Requirement: Using only the entries below, output the lines starting at the one containing "Ford Ranger Raptor" and ending at the one containing "Fort Lauderdale,Florida Magnet", exactly and inclusive of both, omitting the pictures.

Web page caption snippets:
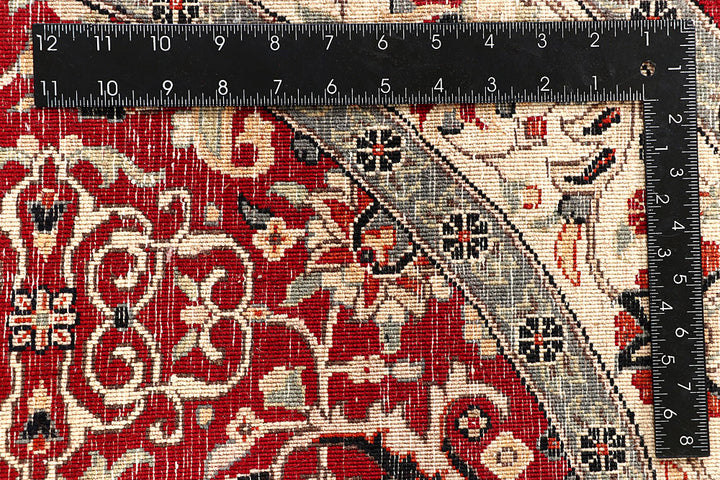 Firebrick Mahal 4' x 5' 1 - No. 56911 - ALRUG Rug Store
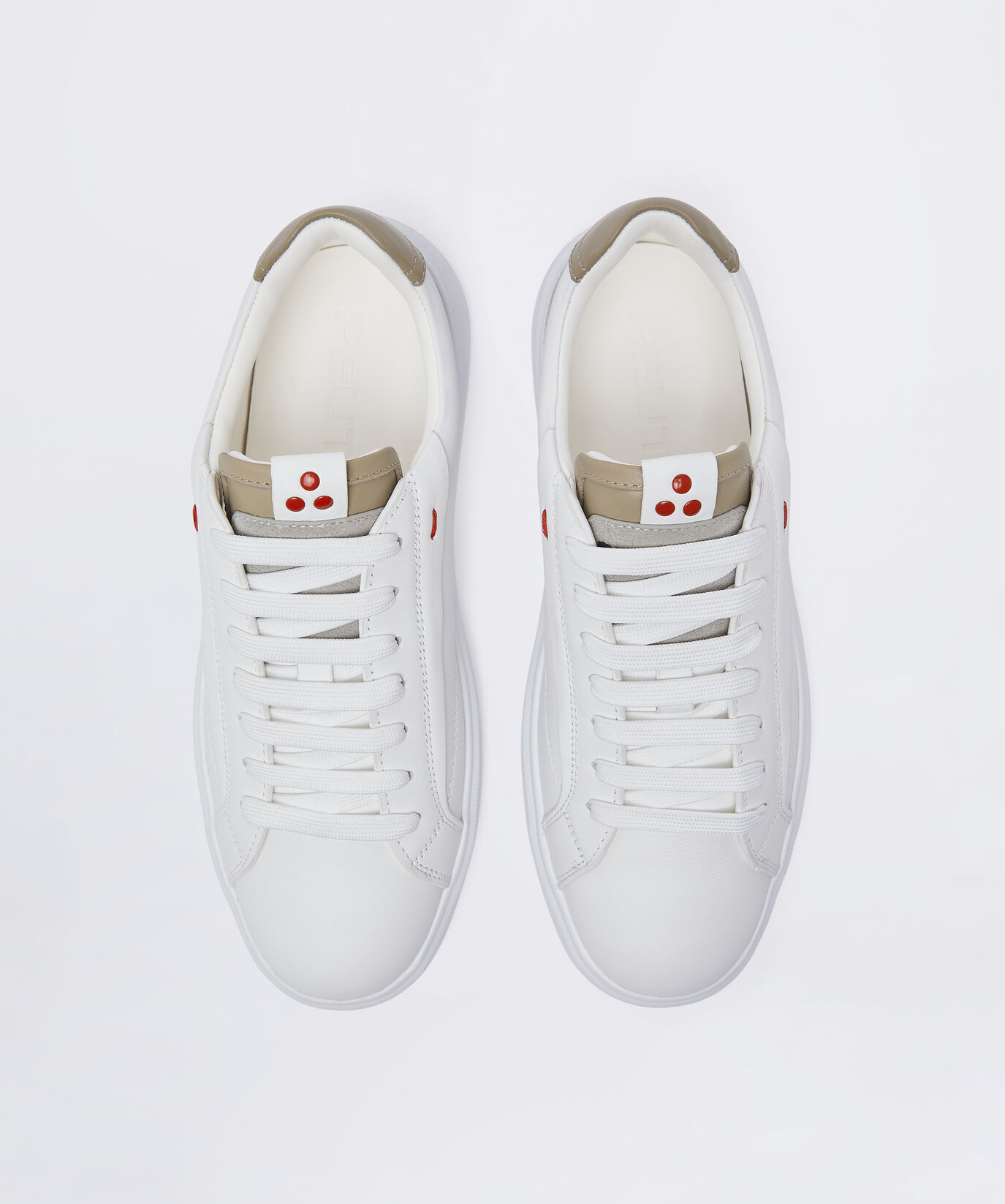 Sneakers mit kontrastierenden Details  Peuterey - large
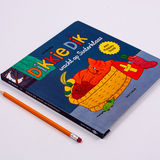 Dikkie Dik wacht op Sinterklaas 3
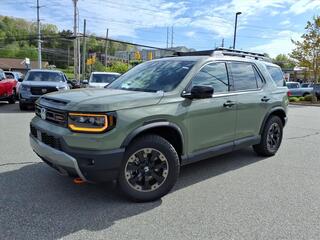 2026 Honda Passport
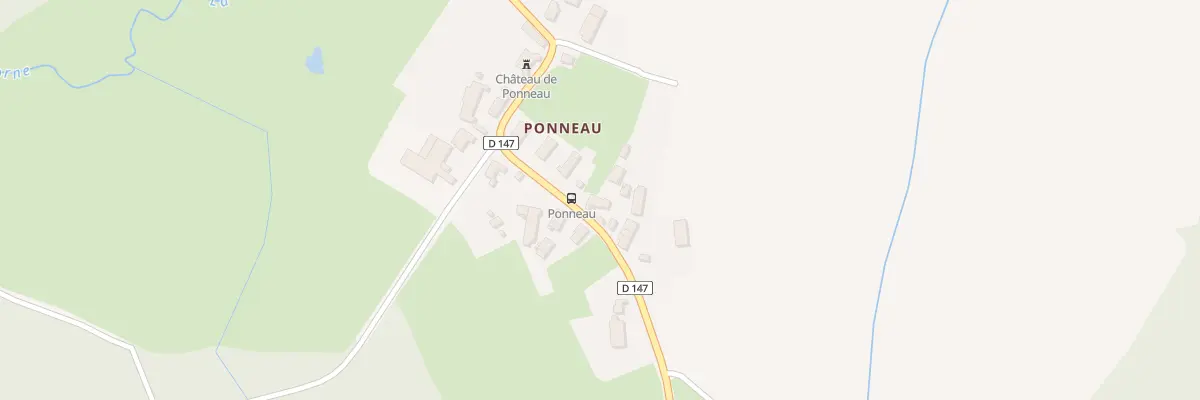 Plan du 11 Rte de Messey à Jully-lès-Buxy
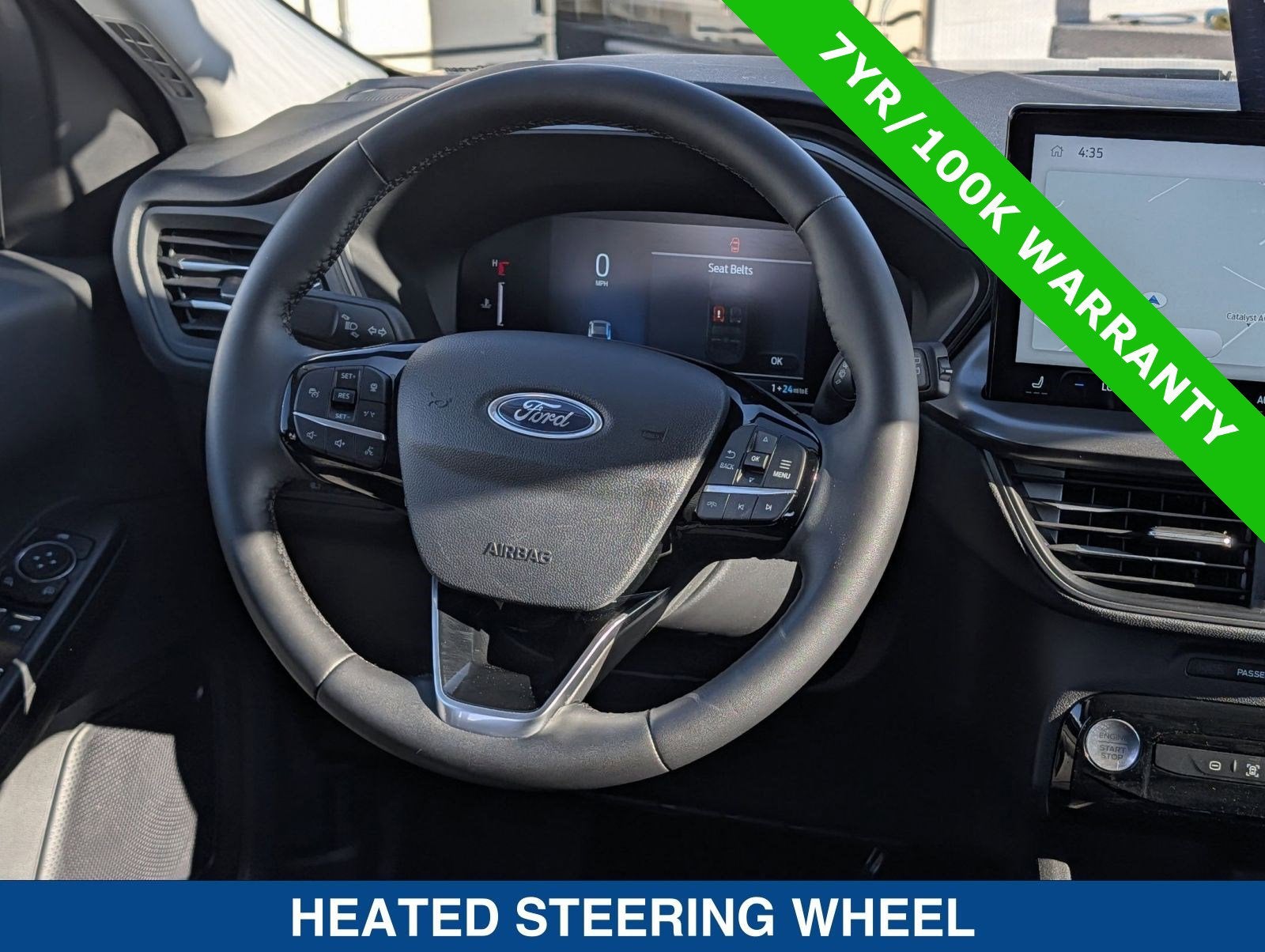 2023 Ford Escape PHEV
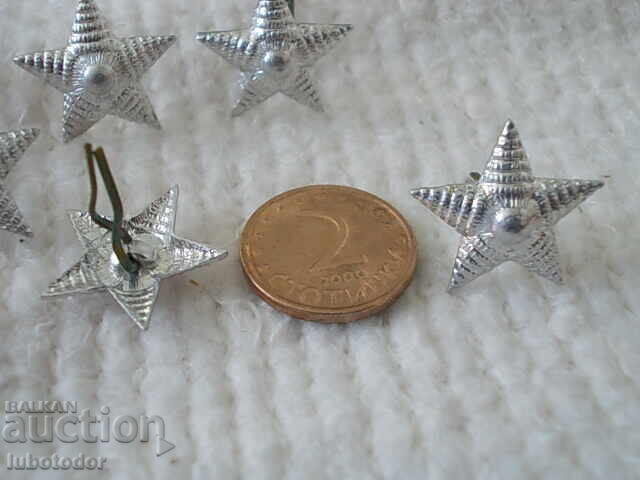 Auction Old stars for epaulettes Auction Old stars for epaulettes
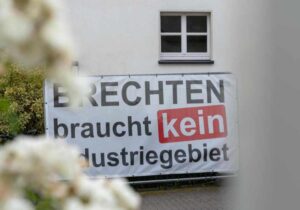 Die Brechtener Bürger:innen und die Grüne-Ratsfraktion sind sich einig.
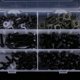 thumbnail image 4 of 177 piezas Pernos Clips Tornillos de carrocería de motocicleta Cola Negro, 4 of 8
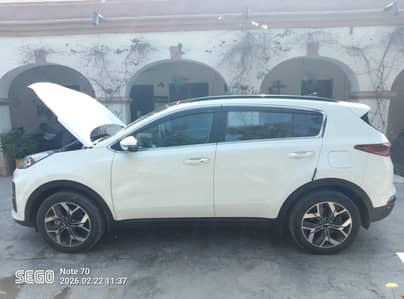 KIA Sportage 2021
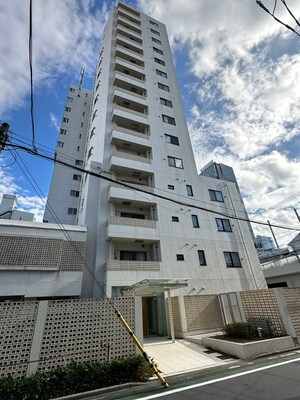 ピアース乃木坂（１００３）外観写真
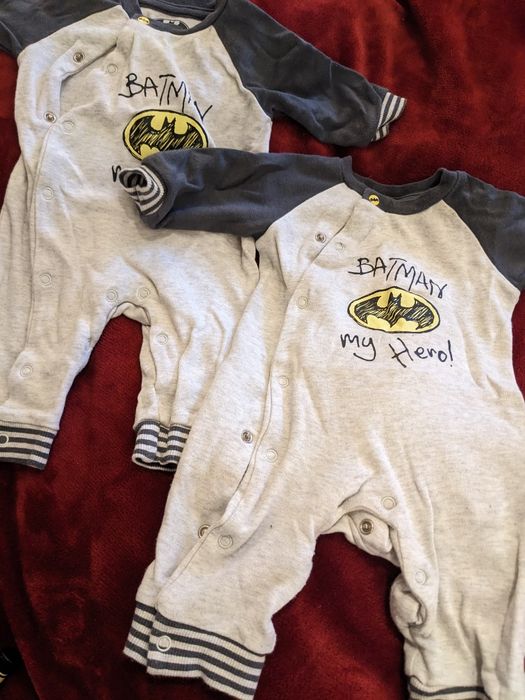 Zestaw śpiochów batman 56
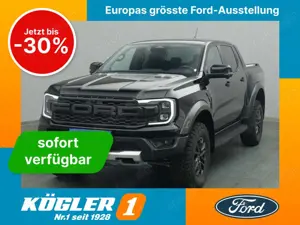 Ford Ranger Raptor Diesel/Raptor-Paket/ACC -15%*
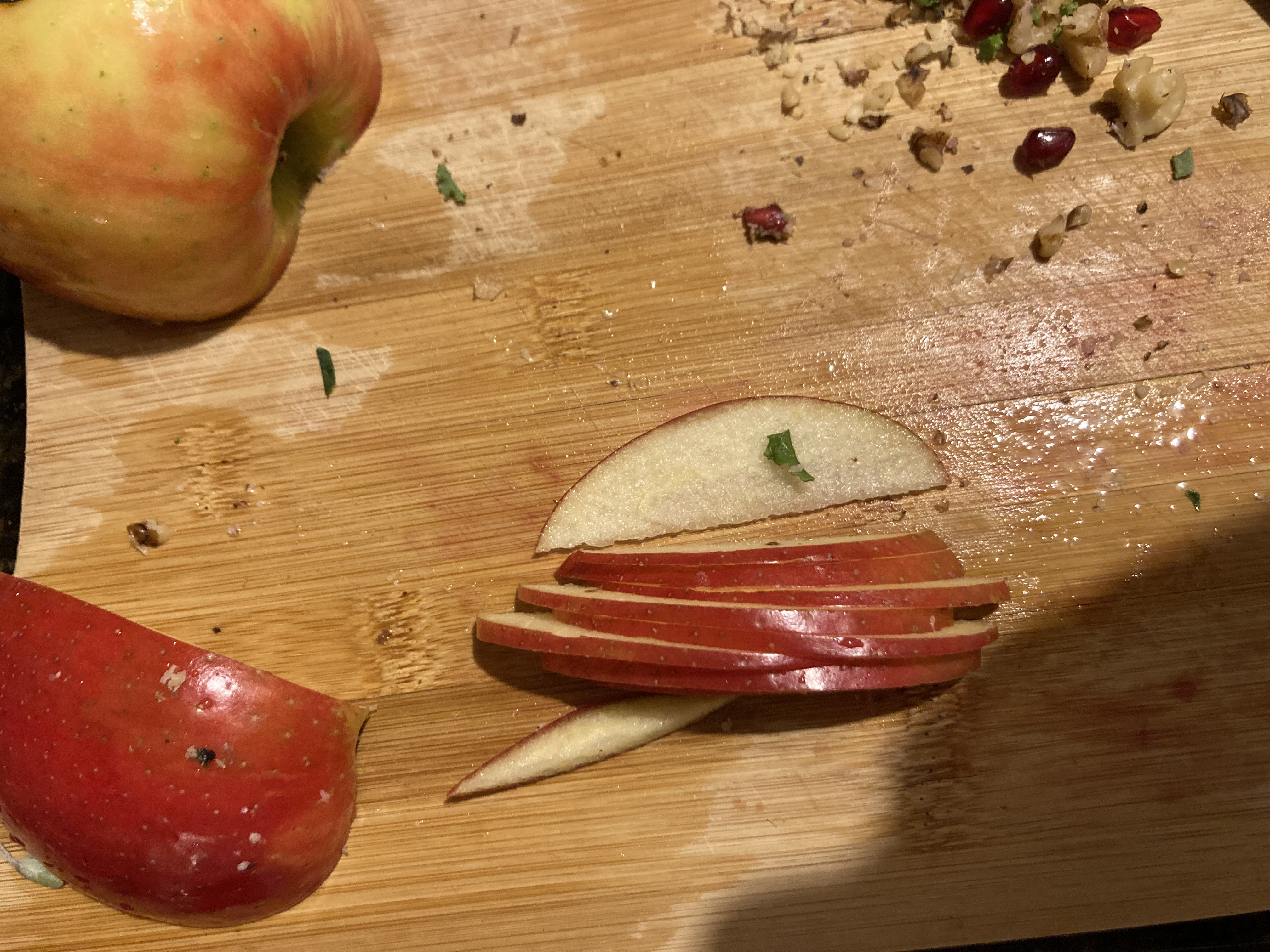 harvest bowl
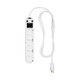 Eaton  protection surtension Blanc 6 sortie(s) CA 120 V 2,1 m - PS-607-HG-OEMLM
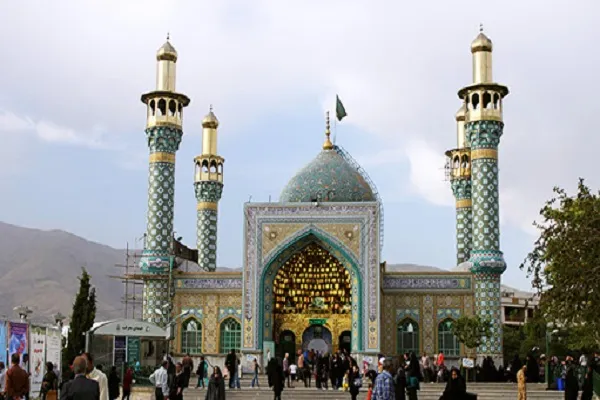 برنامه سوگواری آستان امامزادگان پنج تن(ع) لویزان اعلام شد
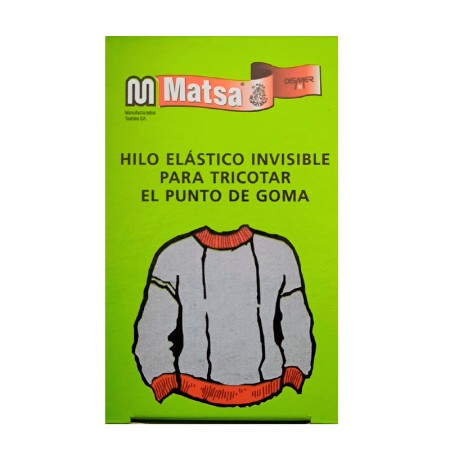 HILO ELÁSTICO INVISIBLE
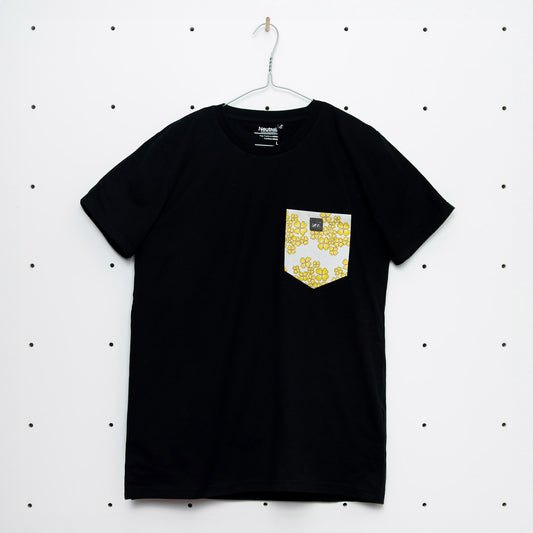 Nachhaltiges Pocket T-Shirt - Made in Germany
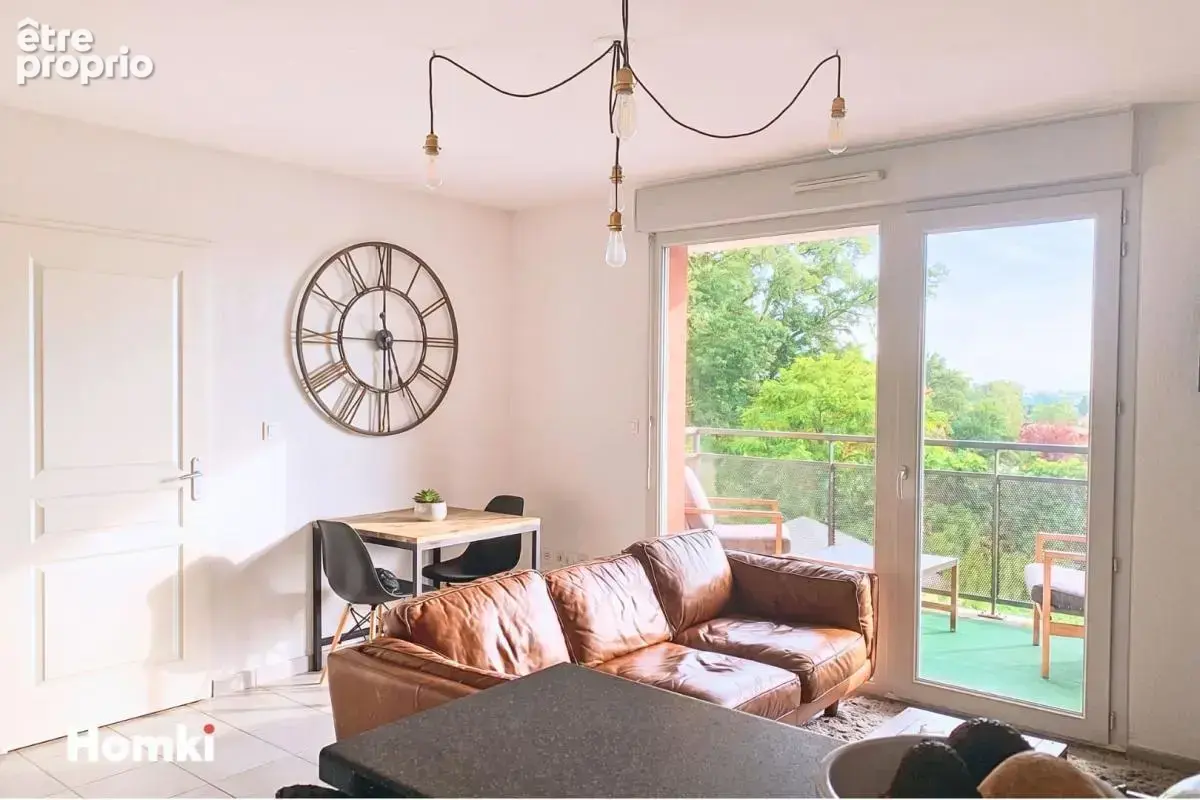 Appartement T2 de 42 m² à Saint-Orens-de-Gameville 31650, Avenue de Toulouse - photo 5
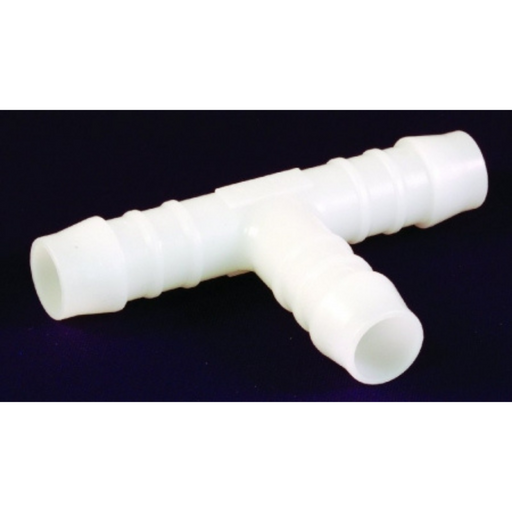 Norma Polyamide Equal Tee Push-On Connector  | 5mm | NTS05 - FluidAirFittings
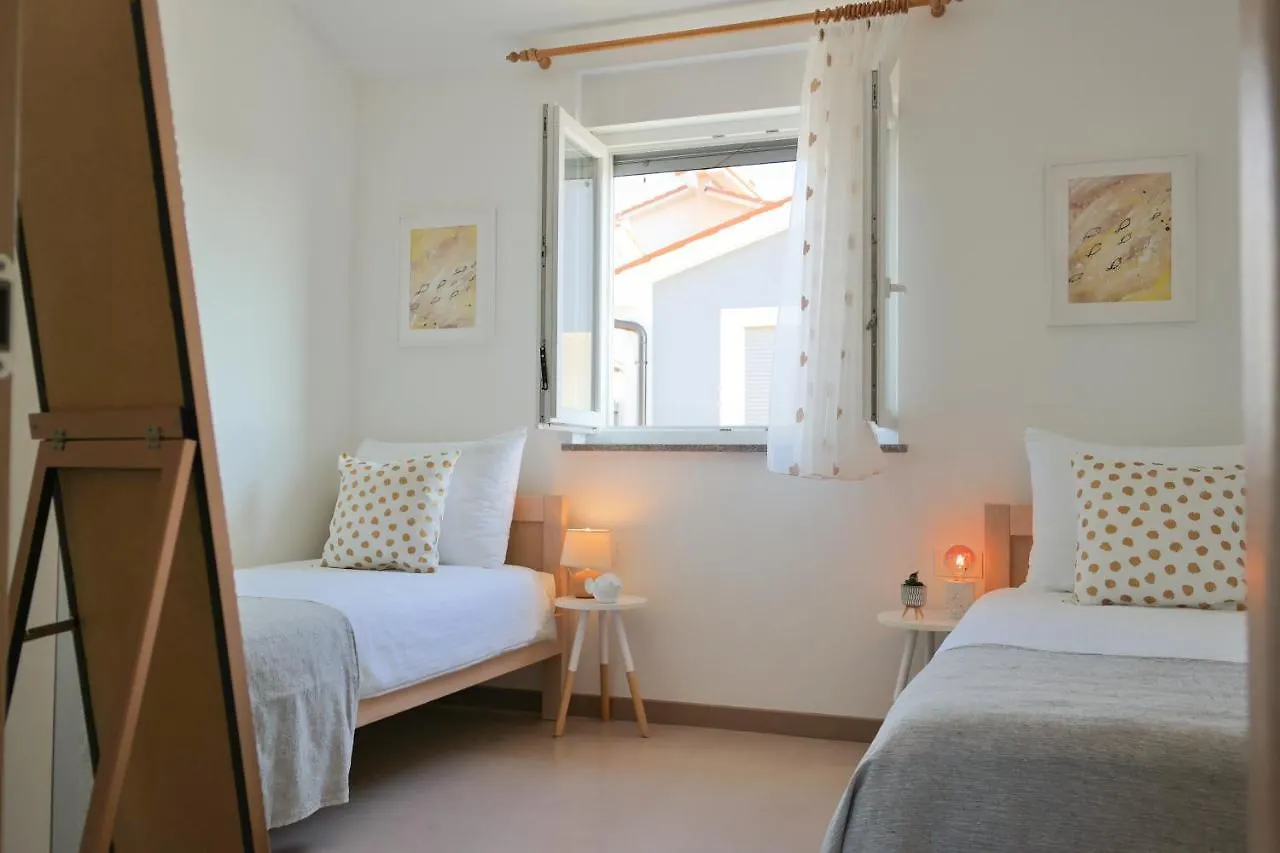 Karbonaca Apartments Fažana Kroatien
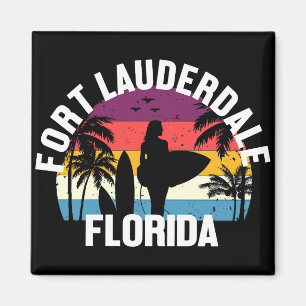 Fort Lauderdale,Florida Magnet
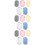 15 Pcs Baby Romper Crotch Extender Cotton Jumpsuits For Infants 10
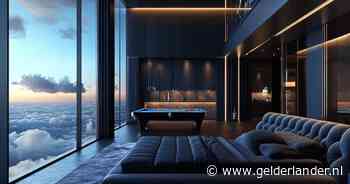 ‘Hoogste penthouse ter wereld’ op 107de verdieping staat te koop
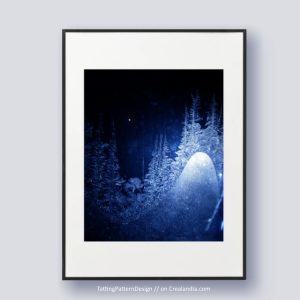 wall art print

Task output:
 Ford Ranger Raptor Diesel/Raptor-Paket/ACC -15%*
 harvest bowl
 Eaton  protection surtension Blanc 6 sortie(s) CA 120 V 2,1 m - PS-607-HG-OEMLM
 برنامه سوگواری آستان امامزادگان پنج تن(ع) لویزان اعلام شد
 HILO ELÁSTICO INVISIBLE
 Nachhaltiges Pocket T-Shirt - Made in Germany
 Appartement T2 de 42 m² à Saint-Orens-de-Gameville 31650, Avenue de Toulouse - photo 5
 Norma Polyamide Equal Tee Push-On Connector  | 5mm | NTS05 - FluidAirFittings
 Karbonaca Apartments Fažana Kroatien
 Fort Lauderdale,Florida Magnet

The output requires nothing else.